[[ MATERIAL PROVIDED open ]]

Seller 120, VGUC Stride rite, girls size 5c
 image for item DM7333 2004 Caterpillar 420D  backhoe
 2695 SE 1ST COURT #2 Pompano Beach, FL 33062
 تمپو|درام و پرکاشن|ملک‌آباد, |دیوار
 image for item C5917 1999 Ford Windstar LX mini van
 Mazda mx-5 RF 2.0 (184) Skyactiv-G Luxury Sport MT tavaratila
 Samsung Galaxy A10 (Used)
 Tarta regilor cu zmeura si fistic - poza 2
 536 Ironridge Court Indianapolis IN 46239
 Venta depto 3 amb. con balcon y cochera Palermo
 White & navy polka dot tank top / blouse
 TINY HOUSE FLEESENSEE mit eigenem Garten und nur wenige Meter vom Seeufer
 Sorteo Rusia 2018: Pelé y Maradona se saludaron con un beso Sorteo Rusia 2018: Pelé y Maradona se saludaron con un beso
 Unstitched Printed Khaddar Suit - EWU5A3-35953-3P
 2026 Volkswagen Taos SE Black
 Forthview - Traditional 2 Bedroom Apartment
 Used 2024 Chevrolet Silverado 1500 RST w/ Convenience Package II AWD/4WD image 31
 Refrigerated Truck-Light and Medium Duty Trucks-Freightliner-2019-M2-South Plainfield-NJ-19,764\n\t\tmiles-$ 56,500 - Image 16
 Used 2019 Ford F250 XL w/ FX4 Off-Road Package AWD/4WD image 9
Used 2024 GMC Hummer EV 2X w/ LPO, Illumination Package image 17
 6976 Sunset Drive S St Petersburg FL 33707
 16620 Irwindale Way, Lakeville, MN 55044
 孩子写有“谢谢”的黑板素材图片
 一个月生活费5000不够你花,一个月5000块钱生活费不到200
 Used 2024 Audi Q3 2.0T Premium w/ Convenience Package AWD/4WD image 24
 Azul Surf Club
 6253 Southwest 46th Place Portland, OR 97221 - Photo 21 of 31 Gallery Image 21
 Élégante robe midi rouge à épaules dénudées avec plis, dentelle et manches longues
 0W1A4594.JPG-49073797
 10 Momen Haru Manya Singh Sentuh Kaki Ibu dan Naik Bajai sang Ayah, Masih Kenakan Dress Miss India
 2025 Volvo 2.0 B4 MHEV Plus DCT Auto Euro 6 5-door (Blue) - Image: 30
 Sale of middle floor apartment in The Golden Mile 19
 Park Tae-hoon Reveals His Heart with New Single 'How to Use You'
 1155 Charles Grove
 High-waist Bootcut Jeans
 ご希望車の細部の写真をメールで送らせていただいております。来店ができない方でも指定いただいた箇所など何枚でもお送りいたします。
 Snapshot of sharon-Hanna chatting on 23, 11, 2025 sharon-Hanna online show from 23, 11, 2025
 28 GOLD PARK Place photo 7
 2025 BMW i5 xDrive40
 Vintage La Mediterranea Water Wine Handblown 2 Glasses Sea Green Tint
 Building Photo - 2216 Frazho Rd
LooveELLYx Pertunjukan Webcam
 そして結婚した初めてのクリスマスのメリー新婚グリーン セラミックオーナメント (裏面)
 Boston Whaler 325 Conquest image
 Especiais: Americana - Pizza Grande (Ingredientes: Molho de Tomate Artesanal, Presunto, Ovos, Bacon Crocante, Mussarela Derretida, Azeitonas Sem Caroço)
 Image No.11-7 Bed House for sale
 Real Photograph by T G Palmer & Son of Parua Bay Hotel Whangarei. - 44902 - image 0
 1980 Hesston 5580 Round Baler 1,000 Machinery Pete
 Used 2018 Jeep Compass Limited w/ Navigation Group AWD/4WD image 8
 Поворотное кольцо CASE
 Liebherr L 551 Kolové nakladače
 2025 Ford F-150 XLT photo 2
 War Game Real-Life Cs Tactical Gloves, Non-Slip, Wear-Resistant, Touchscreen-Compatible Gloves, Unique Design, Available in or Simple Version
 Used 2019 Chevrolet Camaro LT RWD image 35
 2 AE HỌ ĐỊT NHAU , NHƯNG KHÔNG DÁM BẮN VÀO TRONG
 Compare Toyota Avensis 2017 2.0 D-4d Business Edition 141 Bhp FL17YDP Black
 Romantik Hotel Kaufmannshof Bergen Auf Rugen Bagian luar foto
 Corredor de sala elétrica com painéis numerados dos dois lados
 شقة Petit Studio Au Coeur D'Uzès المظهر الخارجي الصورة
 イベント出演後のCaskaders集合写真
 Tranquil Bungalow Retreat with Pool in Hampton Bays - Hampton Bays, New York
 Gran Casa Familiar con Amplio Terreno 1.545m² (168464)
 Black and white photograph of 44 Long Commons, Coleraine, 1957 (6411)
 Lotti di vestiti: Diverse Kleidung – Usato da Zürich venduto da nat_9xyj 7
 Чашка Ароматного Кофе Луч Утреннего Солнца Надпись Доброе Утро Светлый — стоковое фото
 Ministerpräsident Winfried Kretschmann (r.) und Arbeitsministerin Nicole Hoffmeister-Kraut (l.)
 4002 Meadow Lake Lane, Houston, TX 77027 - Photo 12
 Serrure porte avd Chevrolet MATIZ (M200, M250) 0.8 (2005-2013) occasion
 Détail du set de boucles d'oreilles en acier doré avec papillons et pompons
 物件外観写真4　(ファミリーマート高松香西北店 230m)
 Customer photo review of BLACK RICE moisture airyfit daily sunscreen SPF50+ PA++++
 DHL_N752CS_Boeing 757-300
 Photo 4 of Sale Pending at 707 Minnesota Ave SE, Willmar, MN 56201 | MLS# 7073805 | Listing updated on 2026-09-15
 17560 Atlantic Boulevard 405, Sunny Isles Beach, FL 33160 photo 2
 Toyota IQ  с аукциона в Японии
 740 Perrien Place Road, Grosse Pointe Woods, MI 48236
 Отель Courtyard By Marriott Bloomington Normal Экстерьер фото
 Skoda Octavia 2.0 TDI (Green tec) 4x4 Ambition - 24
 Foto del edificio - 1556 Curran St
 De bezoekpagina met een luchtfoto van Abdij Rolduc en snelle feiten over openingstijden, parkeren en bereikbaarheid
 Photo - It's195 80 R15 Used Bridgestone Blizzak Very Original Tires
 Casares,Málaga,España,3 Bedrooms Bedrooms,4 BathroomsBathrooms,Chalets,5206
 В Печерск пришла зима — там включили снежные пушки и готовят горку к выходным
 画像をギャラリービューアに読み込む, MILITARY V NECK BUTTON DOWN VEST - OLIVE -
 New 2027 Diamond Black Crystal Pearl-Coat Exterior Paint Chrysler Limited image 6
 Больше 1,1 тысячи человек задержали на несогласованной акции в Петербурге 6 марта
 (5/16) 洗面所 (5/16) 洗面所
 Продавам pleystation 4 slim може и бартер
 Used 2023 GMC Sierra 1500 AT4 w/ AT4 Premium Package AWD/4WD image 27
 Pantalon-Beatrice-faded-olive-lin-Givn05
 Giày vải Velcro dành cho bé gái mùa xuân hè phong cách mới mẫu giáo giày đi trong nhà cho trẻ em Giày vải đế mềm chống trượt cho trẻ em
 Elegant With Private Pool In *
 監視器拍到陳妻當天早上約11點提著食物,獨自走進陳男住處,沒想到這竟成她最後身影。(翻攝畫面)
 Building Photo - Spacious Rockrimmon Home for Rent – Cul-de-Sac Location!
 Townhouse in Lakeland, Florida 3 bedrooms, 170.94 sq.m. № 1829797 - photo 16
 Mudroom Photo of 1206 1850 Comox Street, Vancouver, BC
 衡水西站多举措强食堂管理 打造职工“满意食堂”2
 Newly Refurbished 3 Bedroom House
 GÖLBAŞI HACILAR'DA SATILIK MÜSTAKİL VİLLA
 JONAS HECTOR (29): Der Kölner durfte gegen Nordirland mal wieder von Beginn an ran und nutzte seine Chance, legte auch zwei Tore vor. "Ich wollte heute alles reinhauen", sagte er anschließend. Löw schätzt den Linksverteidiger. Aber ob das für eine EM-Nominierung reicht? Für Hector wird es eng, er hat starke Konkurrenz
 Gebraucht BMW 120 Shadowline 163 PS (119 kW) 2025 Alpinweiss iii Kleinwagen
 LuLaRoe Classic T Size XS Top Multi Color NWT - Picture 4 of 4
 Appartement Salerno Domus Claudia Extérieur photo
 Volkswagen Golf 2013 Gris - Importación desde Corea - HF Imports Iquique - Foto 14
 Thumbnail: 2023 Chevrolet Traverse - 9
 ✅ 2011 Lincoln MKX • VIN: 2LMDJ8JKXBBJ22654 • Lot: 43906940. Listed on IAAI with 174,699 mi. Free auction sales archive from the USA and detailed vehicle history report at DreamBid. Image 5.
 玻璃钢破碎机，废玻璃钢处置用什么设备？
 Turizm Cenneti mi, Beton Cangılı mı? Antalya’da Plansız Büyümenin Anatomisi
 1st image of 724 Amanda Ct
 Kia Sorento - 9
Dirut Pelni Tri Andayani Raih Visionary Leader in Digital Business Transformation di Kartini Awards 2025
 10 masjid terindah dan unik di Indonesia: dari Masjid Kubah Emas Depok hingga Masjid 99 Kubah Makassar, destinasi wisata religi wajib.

[[ MATERIAL PROVIDED closed ]]

__EXERCISE DETAILS__
Having located the line containing "1st image of 724 Amanda Ct", set it down along with every line after it through the end of the data, reproducing each exactly.

__THE COMPLETED TASK__
 1st image of 724 Amanda Ct
 Kia Sorento - 9
Dirut Pelni Tri Andayani Raih Visionary Leader in Digital Business Transformation di Kartini Awards 2025
 10 masjid terindah dan unik di Indonesia: dari Masjid Kubah Emas Depok hingga Masjid 99 Kubah Makassar, destinasi wisata religi wajib.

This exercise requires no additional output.